▸ **TO DO**:
Stop after the line with "Glasbake Milk Glass Divided Baking Dish"; until then, please copy every line of the records word for word from the first.

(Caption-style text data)
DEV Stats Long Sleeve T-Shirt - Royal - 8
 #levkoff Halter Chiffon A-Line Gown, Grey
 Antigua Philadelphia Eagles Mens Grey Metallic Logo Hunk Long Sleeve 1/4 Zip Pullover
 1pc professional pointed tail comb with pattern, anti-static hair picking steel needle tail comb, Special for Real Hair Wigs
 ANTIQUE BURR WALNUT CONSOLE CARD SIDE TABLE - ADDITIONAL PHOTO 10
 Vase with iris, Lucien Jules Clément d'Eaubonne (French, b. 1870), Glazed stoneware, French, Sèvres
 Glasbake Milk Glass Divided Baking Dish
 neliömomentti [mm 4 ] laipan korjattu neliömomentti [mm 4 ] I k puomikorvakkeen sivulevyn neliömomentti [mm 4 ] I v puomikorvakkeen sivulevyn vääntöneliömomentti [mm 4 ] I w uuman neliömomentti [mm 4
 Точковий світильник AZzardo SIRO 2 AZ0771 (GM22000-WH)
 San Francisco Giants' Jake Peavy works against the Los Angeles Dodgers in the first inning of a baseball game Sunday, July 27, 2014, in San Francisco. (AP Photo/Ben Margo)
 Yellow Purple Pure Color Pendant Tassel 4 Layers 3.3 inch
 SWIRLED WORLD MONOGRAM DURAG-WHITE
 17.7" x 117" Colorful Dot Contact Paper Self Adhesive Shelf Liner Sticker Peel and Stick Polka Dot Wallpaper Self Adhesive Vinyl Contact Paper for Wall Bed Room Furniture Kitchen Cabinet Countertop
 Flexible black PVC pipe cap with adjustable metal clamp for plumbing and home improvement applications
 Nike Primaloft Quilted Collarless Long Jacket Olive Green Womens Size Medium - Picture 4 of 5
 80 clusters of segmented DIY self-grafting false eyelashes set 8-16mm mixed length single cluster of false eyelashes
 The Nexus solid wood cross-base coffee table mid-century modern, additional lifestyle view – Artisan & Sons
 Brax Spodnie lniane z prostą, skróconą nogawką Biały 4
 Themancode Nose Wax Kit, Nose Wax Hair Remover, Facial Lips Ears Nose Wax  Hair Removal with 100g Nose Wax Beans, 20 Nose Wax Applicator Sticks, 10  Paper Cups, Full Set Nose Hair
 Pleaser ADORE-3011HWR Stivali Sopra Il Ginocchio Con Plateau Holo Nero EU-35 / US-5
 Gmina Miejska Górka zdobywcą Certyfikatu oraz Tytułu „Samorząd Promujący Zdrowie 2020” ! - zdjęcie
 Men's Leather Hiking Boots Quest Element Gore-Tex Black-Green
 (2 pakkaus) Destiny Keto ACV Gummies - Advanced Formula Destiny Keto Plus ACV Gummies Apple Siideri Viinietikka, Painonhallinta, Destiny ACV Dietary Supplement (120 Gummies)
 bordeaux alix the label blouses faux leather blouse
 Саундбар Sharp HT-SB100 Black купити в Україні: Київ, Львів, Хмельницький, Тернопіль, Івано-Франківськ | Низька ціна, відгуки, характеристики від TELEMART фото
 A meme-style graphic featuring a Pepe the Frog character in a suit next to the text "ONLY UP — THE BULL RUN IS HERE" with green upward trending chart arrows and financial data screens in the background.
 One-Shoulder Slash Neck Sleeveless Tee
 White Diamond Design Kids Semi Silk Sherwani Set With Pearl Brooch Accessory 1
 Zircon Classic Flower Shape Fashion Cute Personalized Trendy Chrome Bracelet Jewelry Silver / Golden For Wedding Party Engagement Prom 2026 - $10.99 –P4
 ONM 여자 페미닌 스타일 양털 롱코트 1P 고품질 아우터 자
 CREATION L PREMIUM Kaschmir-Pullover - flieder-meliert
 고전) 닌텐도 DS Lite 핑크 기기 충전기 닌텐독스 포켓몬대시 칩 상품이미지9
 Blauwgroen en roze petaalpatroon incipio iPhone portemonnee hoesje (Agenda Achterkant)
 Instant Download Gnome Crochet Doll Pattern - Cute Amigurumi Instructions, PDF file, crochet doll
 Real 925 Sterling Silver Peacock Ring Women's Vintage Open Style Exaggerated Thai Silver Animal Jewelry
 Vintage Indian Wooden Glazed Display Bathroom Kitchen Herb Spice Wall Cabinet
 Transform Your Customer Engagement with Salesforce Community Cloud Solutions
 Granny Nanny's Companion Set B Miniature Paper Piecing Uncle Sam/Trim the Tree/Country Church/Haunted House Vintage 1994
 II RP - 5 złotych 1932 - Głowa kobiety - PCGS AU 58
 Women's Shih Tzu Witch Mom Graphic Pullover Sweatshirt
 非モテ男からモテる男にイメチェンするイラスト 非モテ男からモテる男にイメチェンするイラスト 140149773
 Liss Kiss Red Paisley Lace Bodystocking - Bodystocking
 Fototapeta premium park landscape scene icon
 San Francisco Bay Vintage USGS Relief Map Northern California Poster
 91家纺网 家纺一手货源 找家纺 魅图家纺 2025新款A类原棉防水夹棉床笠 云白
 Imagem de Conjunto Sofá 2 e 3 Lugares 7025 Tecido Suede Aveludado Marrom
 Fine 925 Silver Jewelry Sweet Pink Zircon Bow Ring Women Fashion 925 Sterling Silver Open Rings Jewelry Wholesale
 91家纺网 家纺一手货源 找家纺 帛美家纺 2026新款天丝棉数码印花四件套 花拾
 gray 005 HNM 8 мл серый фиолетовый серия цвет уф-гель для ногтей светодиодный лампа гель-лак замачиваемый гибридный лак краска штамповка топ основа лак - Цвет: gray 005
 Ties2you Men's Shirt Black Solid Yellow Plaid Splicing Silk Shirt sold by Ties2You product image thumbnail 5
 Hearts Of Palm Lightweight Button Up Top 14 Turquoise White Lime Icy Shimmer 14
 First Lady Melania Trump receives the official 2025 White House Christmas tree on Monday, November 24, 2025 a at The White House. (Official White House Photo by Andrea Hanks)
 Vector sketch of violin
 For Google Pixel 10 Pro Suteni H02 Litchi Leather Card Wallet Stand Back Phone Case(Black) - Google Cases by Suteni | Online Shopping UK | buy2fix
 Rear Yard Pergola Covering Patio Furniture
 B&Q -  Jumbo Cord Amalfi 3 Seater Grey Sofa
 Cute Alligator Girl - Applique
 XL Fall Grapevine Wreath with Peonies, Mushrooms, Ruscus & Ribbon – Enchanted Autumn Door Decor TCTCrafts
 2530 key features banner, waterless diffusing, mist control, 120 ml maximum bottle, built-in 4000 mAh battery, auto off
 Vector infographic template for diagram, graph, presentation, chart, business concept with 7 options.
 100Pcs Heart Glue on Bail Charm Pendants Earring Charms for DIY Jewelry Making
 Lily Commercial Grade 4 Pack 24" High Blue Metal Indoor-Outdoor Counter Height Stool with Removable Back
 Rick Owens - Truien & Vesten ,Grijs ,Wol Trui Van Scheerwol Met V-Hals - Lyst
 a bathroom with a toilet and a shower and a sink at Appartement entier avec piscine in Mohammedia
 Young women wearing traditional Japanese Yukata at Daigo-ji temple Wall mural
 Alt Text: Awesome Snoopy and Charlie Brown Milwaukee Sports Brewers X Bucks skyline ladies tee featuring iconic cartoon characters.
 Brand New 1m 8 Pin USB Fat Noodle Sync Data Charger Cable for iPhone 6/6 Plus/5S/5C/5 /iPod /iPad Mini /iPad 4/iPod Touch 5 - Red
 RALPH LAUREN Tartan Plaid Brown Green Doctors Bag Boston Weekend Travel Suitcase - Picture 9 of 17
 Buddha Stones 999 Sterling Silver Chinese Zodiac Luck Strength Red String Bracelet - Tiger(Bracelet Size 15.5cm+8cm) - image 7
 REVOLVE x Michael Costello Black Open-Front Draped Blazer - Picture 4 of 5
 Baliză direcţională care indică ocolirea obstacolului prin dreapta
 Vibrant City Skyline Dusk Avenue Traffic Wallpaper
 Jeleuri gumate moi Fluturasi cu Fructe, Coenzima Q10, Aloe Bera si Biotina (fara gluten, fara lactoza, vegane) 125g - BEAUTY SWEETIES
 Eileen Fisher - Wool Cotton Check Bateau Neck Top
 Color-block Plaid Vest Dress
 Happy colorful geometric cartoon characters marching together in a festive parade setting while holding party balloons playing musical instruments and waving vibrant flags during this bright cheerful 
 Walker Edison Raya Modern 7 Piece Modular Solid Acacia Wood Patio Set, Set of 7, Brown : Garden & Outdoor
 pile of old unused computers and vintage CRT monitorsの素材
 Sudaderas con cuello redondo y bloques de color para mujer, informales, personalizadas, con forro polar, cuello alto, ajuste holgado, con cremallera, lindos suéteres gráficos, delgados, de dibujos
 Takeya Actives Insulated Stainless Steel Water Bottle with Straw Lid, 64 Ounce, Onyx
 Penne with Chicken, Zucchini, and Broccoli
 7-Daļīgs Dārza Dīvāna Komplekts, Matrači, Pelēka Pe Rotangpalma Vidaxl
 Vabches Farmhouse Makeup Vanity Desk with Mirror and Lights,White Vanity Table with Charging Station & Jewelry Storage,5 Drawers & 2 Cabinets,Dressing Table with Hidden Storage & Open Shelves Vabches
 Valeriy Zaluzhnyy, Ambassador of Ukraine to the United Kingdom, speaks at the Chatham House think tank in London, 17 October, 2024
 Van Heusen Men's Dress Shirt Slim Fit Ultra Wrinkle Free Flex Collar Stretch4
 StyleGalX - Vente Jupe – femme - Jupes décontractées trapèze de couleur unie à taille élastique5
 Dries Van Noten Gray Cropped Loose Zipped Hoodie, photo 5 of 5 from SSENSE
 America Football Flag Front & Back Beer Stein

▸ **SOLUTION TO THIS TASK**:
DEV Stats Long Sleeve T-Shirt - Royal - 8
 #levkoff Halter Chiffon A-Line Gown, Grey
 Antigua Philadelphia Eagles Mens Grey Metallic Logo Hunk Long Sleeve 1/4 Zip Pullover
 1pc professional pointed tail comb with pattern, anti-static hair picking steel needle tail comb, Special for Real Hair Wigs
 ANTIQUE BURR WALNUT CONSOLE CARD SIDE TABLE - ADDITIONAL PHOTO 10
 Vase with iris, Lucien Jules Clément d'Eaubonne (French, b. 1870), Glazed stoneware, French, Sèvres
 Glasbake Milk Glass Divided Baking Dish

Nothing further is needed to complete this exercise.